TASK STATEMENT –
Starting at the first line of the entries below, restate each line exactly until you reach the line with "Island Club 3 - Residential", and print that one too. Leave the pictures out and stop there.

MATERIAL SHOWN –
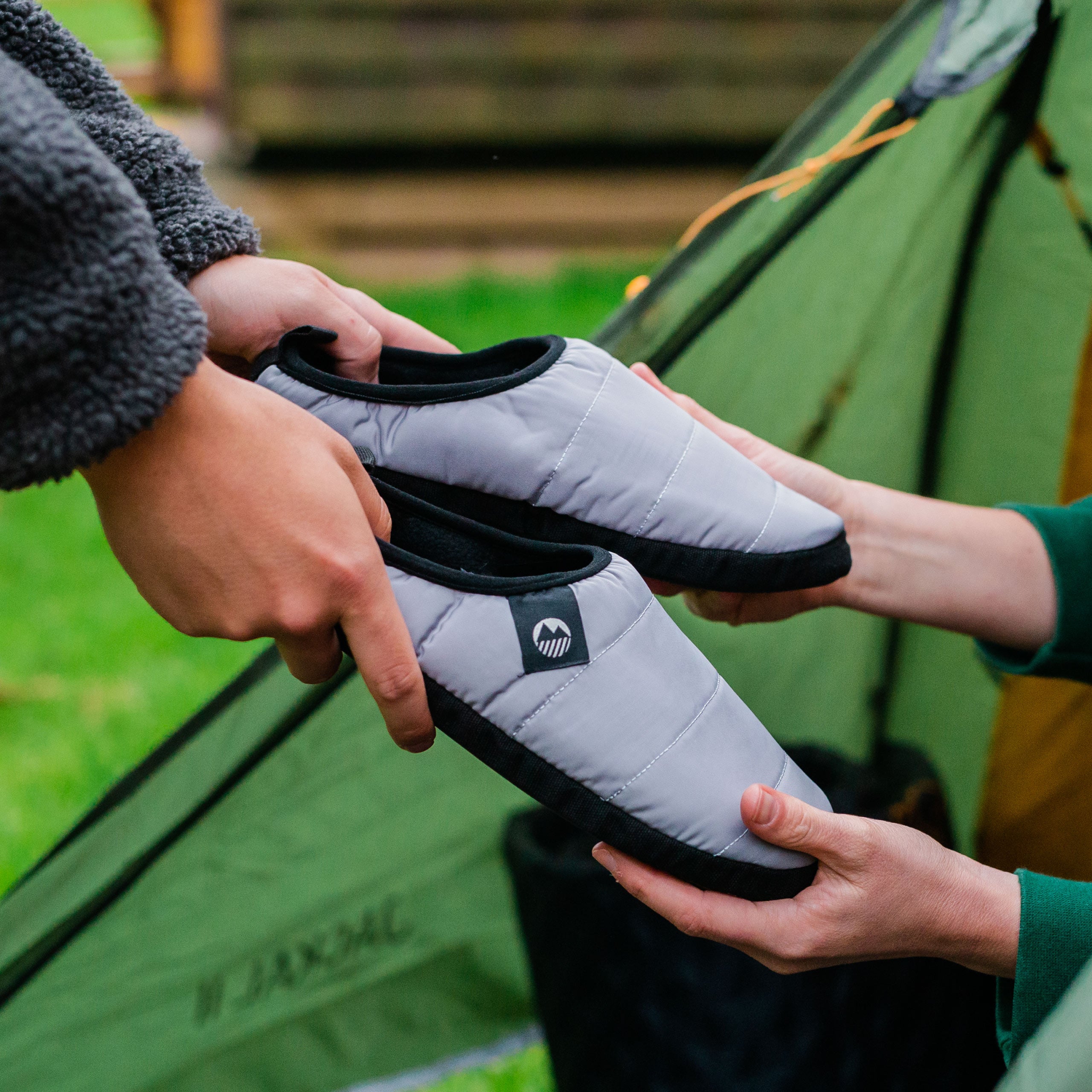 Men's Ultra Warm Tent Slippers - Cozy Winter Indoor/Outdoor House Shoes for Camping, Hiking & Home Comfort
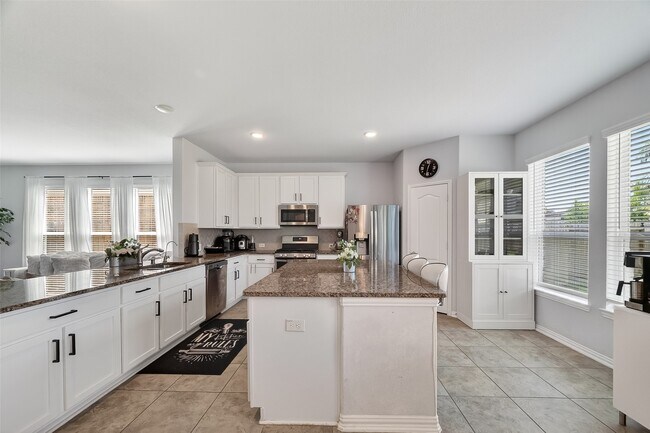 Building Photo - 2314 Trocadero Ln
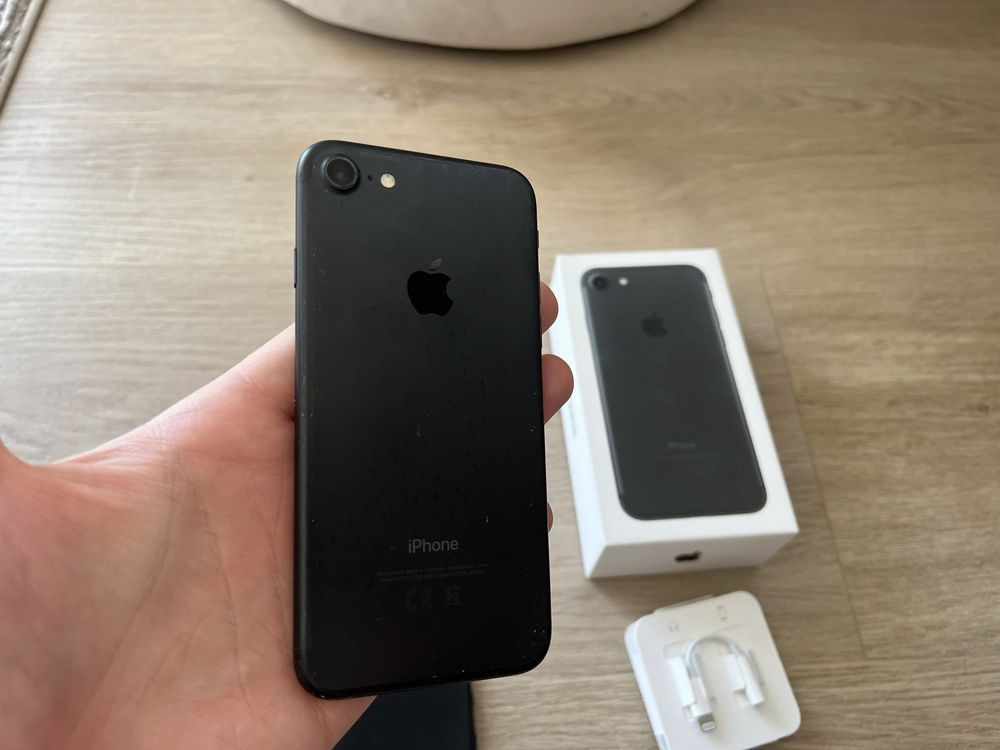 Telefon Apple Iphone 7 128gb Czarny Okazja 2x Etui Gratis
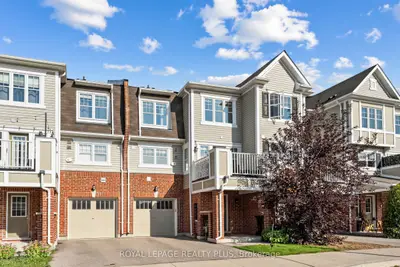 143 Ridge Road 51, Cambridge, On N3e 0e1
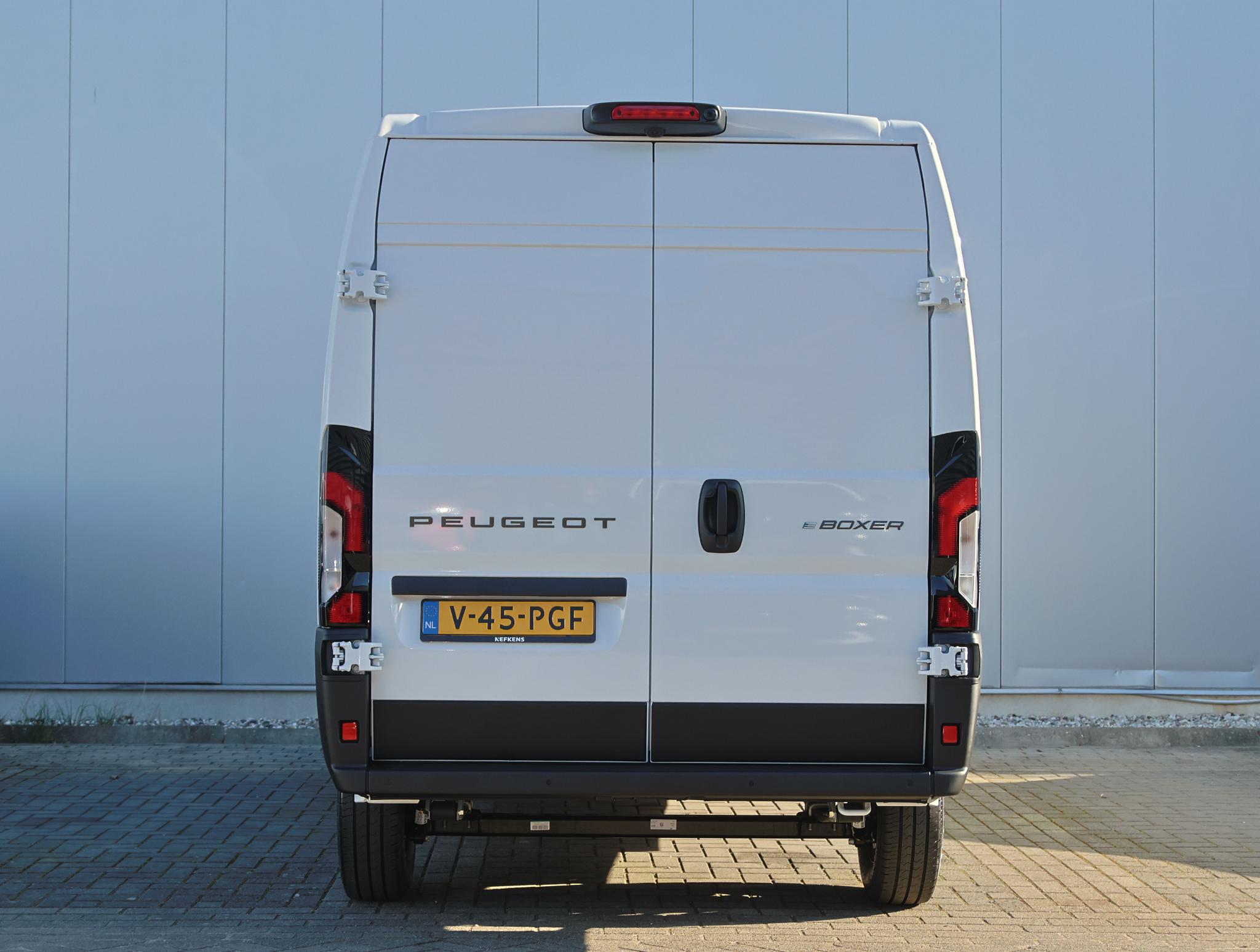 Foto van Peugeot E-boxer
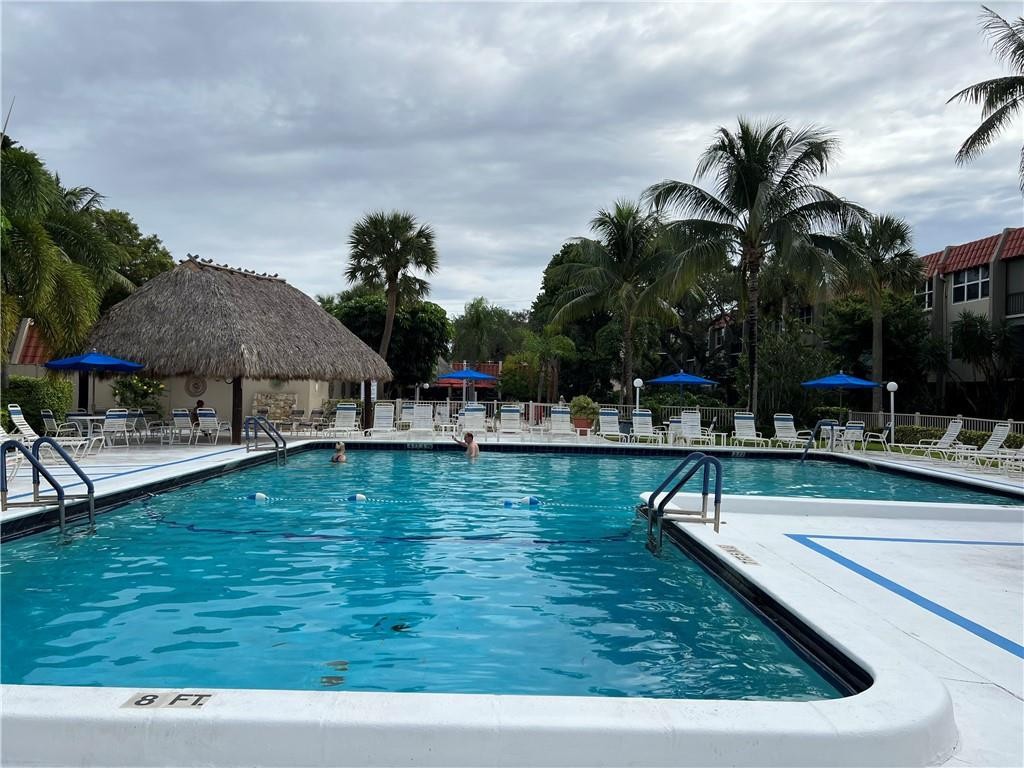 Island Club 3 - Residential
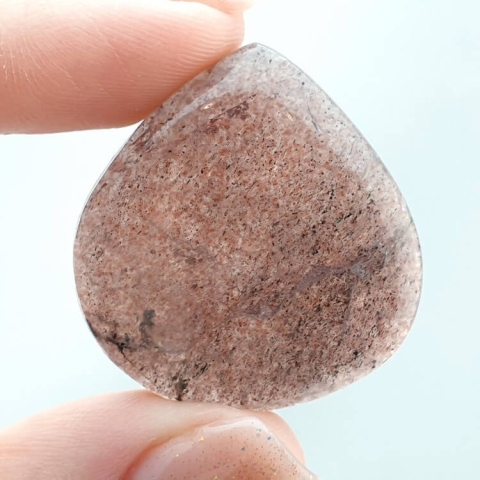 Strawberry quartz cabochon 31x29 mm no 71 Strawberry quartz cabochon 31x29 mm no 71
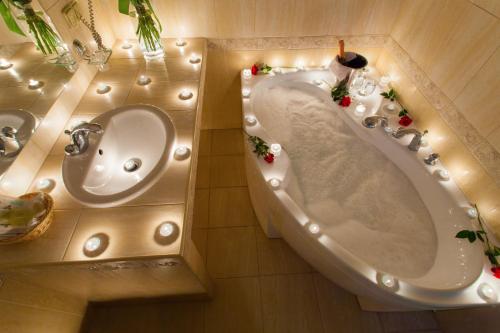 卫星会议酒店的一间浴室
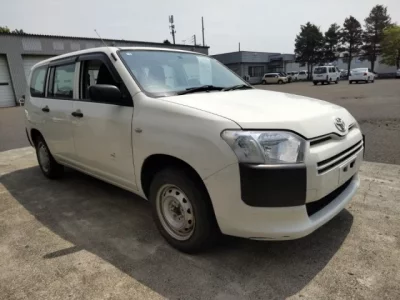 Toyota SUCCEED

COMPLETED EXERCISE –
 Men's Ultra Warm Tent Slippers - Cozy Winter Indoor/Outdoor House Shoes for Camping, Hiking & Home Comfort
 Building Photo - 2314 Trocadero Ln
 Telefon Apple Iphone 7 128gb Czarny Okazja 2x Etui Gratis
 143 Ridge Road 51, Cambridge, On N3e 0e1
 Foto van Peugeot E-boxer
 Island Club 3 - Residential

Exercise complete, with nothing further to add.